Reducing the Barriers to Entry for Foundation Model Training
Paolo Faraboschi, Ellis Giles, Justin Hotard, Konstanty Owczarek, Andrew Wheeler
TL;DR
The paper addresses the unsustainable cost trajectory of training foundation models by introducing an analytical framework that links model size, data, and hardware to training expenditure, formalized as $C = C_0 P T$ with $C_0 \approx 6$ and $T \approx 20$, yielding $C \approx 120 P^2$, and noting that Mixture-of-Experts can reduce this to $C_{MoE} = 120 P^2 / K$ though with gating challenges. It outlines an evolutionary roadmap spanning supercomputing optimizations, data reduction, model partitioning, training algorithms, data formats, efficient hardware, and competitive accelerators to halve costs incrementally. It also proposes a revolutionary path combining Analog In-Memory Computing and Energy-Based Models to further slash training costs and shift away from transformer-centric paradigms. The work argues for open, co-designed, and service-oriented strategies to democratize access to large-scale AI while aligning with sustainable energy and supply-chain constraints, thereby preventing excessive market concentration and stifled innovation.
Abstract
The world has recently witnessed an unprecedented acceleration in demands for Machine Learning and Artificial Intelligence applications.
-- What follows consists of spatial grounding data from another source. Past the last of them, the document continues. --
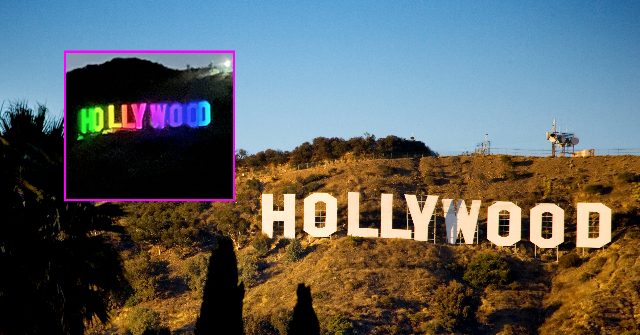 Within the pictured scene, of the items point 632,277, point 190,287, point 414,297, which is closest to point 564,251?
point 632,277

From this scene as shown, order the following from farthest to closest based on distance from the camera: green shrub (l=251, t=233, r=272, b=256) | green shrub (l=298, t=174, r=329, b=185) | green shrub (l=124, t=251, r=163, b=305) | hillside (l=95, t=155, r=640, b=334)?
green shrub (l=298, t=174, r=329, b=185) → green shrub (l=251, t=233, r=272, b=256) → green shrub (l=124, t=251, r=163, b=305) → hillside (l=95, t=155, r=640, b=334)

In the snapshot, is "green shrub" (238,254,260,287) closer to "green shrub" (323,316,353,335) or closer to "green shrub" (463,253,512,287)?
"green shrub" (323,316,353,335)

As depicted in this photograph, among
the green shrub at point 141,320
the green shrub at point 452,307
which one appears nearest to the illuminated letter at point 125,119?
the green shrub at point 141,320

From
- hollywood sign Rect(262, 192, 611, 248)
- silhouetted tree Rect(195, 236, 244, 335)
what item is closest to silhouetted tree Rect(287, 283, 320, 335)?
silhouetted tree Rect(195, 236, 244, 335)

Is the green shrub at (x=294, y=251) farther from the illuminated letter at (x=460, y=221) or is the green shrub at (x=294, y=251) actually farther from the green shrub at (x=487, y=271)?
the green shrub at (x=487, y=271)

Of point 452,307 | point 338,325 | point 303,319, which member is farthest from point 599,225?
point 303,319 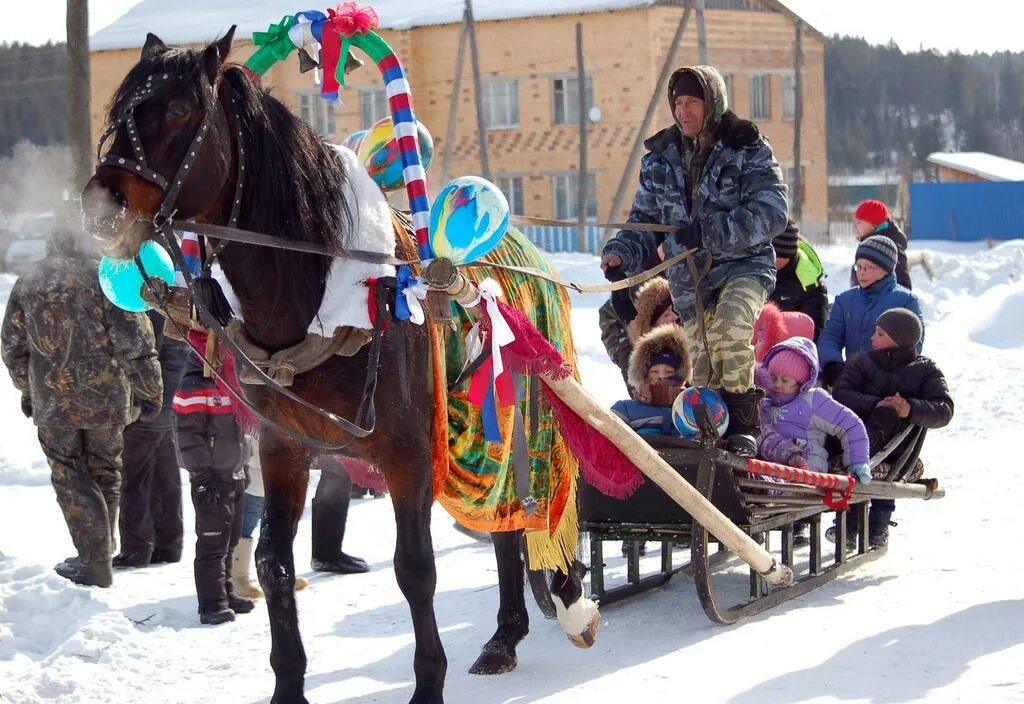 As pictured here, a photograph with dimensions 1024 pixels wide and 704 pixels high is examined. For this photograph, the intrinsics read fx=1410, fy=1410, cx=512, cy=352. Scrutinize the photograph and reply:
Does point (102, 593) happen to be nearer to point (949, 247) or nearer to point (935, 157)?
point (949, 247)

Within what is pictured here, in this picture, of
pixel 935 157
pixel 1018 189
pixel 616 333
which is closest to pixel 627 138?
pixel 1018 189

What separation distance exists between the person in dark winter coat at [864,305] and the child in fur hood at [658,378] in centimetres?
184

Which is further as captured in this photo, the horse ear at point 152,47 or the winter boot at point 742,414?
the winter boot at point 742,414

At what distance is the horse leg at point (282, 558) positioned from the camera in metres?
4.92

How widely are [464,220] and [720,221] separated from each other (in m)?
1.87

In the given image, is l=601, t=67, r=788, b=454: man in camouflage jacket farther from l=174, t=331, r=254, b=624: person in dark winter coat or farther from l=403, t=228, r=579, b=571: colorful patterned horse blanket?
l=174, t=331, r=254, b=624: person in dark winter coat

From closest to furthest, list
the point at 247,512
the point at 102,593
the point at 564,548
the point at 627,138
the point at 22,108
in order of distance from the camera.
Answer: the point at 564,548
the point at 102,593
the point at 247,512
the point at 627,138
the point at 22,108

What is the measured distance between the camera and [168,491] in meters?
8.07

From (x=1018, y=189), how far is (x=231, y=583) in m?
37.7

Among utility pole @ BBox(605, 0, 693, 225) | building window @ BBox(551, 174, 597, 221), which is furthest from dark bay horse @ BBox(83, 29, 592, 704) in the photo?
building window @ BBox(551, 174, 597, 221)

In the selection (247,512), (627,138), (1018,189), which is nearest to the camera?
(247,512)

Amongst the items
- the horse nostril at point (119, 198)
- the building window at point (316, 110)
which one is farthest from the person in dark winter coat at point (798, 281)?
the building window at point (316, 110)

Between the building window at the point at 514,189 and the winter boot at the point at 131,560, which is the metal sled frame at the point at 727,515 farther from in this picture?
the building window at the point at 514,189

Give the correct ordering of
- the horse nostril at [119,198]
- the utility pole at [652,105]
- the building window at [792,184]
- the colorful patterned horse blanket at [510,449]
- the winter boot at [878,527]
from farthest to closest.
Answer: the building window at [792,184], the utility pole at [652,105], the winter boot at [878,527], the colorful patterned horse blanket at [510,449], the horse nostril at [119,198] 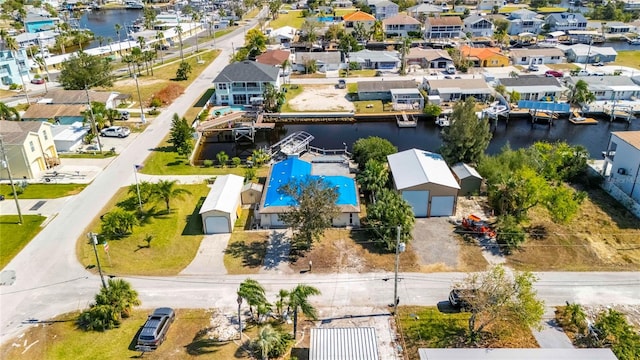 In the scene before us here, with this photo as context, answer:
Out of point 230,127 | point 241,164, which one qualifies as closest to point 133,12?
point 230,127

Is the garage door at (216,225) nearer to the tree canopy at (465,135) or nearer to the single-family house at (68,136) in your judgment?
the tree canopy at (465,135)

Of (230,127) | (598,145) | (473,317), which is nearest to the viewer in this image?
(473,317)

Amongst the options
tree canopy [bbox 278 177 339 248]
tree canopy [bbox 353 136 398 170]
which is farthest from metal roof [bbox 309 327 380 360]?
tree canopy [bbox 353 136 398 170]

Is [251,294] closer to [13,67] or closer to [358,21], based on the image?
[13,67]

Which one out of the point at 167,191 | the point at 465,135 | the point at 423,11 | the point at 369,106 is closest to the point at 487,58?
the point at 369,106

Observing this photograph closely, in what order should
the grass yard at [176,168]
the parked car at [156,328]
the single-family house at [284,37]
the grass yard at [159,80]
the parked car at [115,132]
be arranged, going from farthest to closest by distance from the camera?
the single-family house at [284,37] < the grass yard at [159,80] < the parked car at [115,132] < the grass yard at [176,168] < the parked car at [156,328]

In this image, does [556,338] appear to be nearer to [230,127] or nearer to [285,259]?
[285,259]

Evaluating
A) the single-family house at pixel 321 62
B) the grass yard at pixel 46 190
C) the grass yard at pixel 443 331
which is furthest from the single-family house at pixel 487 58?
the grass yard at pixel 46 190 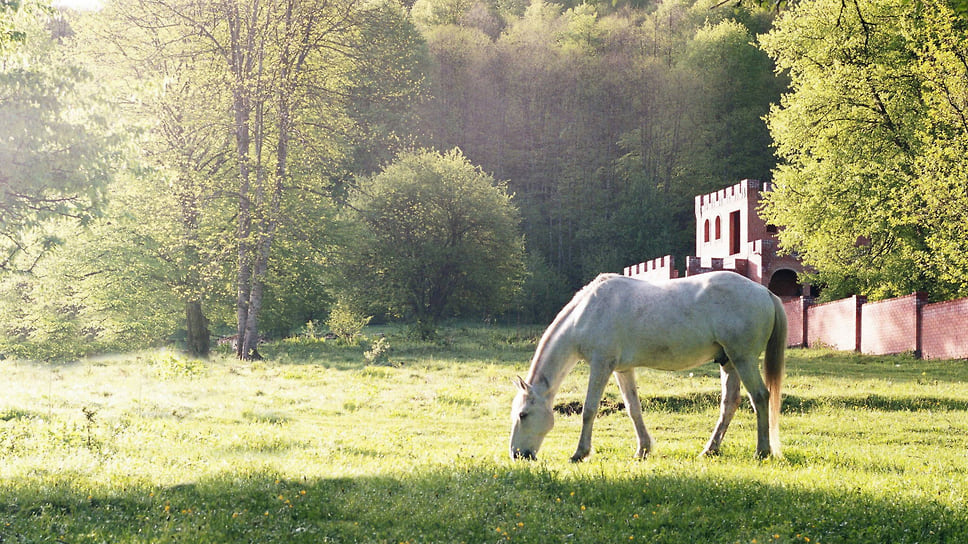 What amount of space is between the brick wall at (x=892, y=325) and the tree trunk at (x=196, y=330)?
2422 cm

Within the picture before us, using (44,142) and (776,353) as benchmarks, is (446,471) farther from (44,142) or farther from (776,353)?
(44,142)

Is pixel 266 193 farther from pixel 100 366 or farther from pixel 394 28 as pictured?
pixel 394 28

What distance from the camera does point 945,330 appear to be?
26062mm

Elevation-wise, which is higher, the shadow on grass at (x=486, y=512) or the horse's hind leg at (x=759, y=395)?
the horse's hind leg at (x=759, y=395)

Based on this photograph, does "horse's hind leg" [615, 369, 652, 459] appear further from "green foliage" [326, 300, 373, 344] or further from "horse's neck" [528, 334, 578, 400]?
"green foliage" [326, 300, 373, 344]

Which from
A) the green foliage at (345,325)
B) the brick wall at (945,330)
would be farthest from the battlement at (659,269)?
the brick wall at (945,330)

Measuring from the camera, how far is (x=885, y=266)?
29.4 m

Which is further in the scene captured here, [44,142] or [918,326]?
[918,326]

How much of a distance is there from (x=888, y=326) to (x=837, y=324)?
3364 mm

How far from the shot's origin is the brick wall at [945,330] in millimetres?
25234

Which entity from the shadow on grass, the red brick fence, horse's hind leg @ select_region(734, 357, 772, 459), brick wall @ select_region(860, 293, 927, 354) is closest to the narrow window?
the red brick fence

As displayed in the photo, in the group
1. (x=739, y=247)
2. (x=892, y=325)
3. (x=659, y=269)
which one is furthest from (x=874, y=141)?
(x=739, y=247)

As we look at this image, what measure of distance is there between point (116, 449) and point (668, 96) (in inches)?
2503

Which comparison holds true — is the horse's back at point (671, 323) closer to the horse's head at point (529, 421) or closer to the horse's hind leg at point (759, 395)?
the horse's hind leg at point (759, 395) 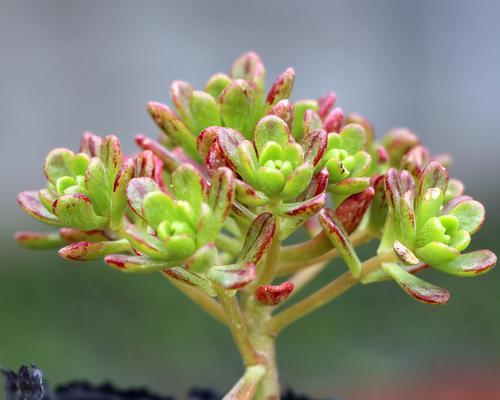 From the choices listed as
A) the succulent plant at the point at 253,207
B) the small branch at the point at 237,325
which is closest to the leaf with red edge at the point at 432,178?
the succulent plant at the point at 253,207

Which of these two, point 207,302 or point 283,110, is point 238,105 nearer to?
point 283,110

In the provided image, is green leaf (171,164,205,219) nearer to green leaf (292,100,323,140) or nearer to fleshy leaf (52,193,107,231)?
fleshy leaf (52,193,107,231)

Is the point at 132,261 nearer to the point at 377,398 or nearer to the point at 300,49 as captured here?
the point at 377,398

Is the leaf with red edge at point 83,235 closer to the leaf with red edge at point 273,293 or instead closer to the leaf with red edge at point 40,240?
the leaf with red edge at point 40,240

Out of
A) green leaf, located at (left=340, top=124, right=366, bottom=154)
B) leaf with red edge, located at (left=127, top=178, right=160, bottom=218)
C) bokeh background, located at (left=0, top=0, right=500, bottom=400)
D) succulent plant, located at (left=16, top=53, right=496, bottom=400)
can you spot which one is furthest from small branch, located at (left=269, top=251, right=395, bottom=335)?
bokeh background, located at (left=0, top=0, right=500, bottom=400)

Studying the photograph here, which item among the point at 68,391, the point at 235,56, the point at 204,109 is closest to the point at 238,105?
the point at 204,109

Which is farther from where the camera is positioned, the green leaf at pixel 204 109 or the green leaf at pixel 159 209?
the green leaf at pixel 204 109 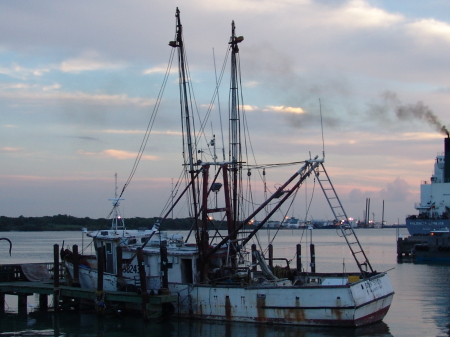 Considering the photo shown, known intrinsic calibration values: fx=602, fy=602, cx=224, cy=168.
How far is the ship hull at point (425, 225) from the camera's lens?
75.5 meters

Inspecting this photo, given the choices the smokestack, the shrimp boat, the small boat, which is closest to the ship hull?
the small boat

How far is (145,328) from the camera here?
27141mm

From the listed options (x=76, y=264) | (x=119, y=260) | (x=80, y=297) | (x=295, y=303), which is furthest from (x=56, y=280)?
(x=295, y=303)

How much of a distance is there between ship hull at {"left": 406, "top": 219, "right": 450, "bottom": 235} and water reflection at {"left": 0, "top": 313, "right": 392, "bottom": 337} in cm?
5233

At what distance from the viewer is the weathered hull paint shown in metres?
24.6

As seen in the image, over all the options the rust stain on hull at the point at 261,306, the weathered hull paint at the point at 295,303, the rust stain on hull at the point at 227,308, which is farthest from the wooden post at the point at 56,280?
the rust stain on hull at the point at 261,306

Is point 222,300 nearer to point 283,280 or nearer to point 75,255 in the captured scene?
point 283,280

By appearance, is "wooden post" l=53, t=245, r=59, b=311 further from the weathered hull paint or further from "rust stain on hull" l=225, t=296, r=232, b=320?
"rust stain on hull" l=225, t=296, r=232, b=320

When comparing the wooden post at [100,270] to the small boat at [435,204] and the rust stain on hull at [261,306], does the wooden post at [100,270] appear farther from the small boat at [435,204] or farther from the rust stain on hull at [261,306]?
the small boat at [435,204]

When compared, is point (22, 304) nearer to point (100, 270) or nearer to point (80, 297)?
point (80, 297)

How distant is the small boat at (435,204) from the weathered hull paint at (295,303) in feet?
174

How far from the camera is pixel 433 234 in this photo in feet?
214

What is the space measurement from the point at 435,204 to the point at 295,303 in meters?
60.4

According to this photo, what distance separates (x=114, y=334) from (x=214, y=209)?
743 centimetres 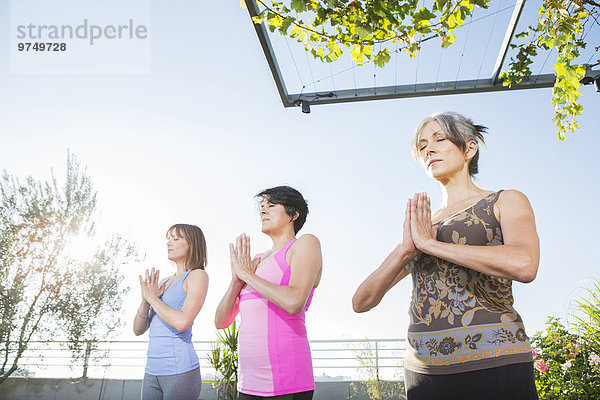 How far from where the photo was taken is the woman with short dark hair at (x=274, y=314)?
1.55 m

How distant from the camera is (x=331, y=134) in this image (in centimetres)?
604

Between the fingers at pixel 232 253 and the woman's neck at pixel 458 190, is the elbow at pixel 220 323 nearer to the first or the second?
the fingers at pixel 232 253

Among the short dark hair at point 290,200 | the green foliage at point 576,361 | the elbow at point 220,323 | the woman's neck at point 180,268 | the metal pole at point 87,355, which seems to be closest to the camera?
the elbow at point 220,323

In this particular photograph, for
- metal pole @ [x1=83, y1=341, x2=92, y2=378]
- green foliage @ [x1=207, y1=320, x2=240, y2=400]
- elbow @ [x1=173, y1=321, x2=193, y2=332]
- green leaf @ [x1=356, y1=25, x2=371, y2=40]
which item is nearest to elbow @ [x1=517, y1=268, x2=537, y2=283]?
green leaf @ [x1=356, y1=25, x2=371, y2=40]

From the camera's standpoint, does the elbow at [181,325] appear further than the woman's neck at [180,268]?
No

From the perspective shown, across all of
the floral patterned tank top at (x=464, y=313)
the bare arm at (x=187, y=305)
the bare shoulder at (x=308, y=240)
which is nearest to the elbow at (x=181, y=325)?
the bare arm at (x=187, y=305)

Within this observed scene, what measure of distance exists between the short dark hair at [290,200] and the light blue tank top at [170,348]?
0.82 meters

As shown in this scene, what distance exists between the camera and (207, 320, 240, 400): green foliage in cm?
603

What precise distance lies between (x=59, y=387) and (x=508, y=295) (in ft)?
30.0

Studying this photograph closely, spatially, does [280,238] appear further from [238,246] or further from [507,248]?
[507,248]

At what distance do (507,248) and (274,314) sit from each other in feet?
3.04

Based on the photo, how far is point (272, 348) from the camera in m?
1.58

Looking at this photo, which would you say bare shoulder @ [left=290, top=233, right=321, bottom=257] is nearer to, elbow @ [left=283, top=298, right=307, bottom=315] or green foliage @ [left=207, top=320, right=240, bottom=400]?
elbow @ [left=283, top=298, right=307, bottom=315]

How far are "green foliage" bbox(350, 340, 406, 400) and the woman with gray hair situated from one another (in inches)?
236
This spike in demand has imposed tremendous strain on the underlying technology stack in supply chain, GPU-accelerated hardware, software, datacenter power density, and energy consumption. If left on the current technological trajectory, future demands show insurmountable spending trends, further limiting market players, stifling innovation, and widening the technology gap. To address these challenges, we propose a fundamental change in the AI training infrastructure throughout the technology ecosystem. The changes require advancements in supercomputing and novel AI training approaches, from high-end software to low-level hardware, microprocessor, and chip design, while advancing the energy efficiency required by a sustainable infrastructure. This paper presents the analytical framework that quantitatively highlights the challenges and points to the opportunities to reduce the barriers to entry for training large language models.